Now others will say “well, the segregation is a function of residential housing patterns, our neighborhoods are segregated and our schools simply reflect that” But the problem with THAT argument is – it was not always so…

You see there once was a time in Wichita when we had a system made up entirely of neighborhood schools, and the Black population was pretty evenly spread between them.

In 1904 there were Black students in attendance in all of Wichita’s schools. 12 at Carleton, 56 at Emerson, 53 at Ingalls, 52 at Irving, 5 at Kellogg, 12 at Lincoln, 48 at Park, 9 at Washington, and 25 at Webster….

The truth is, we didn’t separate our children to allow them to attend schools in their neighborhoods… Our children were separated solely on the basis of their race REGARDLESS of their neighborhood.

The Board of Education here in Wichita fought against the laws of the State of Kansas for 27 consecutive years; passing ordinances, pushing for legislation in Topeka, and taking advantage of Supreme Court decisions such as Plessy Vs Fergussen, before they were able to successfully segregate the students at Park Elementary in 1906. They separated the children into different parts of the building with black students and black teachers on one side, and whites on the other. They even erected a wall to divide the playground like Berlin…

But the Black parents fought back; in 1906, Sallie Rowles filed a lawsuit demanding the right to send her children to her neighborhood school. While she initially lost that case, the community took up a collection which allowed her to appeal her case to the Kansas Supreme Court who ruled in her favor and UPHELD their earlier decisions that the City of Wichita could not legally segregate their students.
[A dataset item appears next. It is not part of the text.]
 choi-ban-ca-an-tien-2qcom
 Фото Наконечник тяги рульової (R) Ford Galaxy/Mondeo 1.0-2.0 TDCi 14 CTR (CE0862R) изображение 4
Undaunted, the Wichita Board of Education would not give up; they collected 5,000 signatures on a petition to the Legislature to allow segregation in the schools. And in 1909, the same year that the NAACP was founded – exactly 100 years ago – after 30 long years of fighting - the President of the Wichita School Board, Rudolph Hatfield, led a sucessful effort to pass Senate bill 250 which REPEALED the State laws which forbade segregation and a New educational era was born in Kansas…

In 1911 the Wichita School Board proposed a bond issue – They sold the measure by saying that this was an effort to address overcrowding – and when it passed, two new schools were built – but these schools were built specifically for the purpose of educating Black children. And in 1912, the first "Negro Schools" were officially designated.

Now they had nothing to do with where the Black community was actually located – at that time we were scattered throughout the city. Families with children looked for housing near their schools and their places of employment so while there were certainly concentrations, as I noted before our children had been represented in ALL of the schools in Wichita.

Between 1912 and 1952, the battle raged on – With Black Parents and the NAACP fighting to end legalized segregation and the school district fighting to maintain it. And as more and more people from the Black community moved away from the Downtown area and towards the Northeast, the School board responded by changing and re-designating schools to mirror the migrating population.

And in 1952, after 40 years of struggle – yet still 2 years before the Brown decision – The Wichita School Board passed a resolution to end Dejure segregation by allowing black parents to enroll their children in their neighborhood schools. But of course by that time - 73 years since the District began its efforts to segregate our children – 43 years after the laws forbidding segregation were repealed – and 40 years since the creation, designation, and manipulation of Black schools and black boundaries, Negro wards, and the like – The Black schools had BECOME the neighborhood schools…

In Just 2 years would come the Brown Decision and not long after that, the Wichita Branch filed suit against the district – recognizing that we’d been hoodwinked – bamboozled – led astray – run amuck etc…

But Ladies and Gentlemen, I told you all of that, to tell you this…

As we continue our talks about diversity in the schools, busing, and boundary lines, and neighborhoods, I want it to be said that We had it right to begin with - but at some point, we gave in.

We gave in to the forces of intolerance, we gave in to the forces of bigotry, we gave in to the evils of racism, and we IMPORTED the very system that we had so ardently defied.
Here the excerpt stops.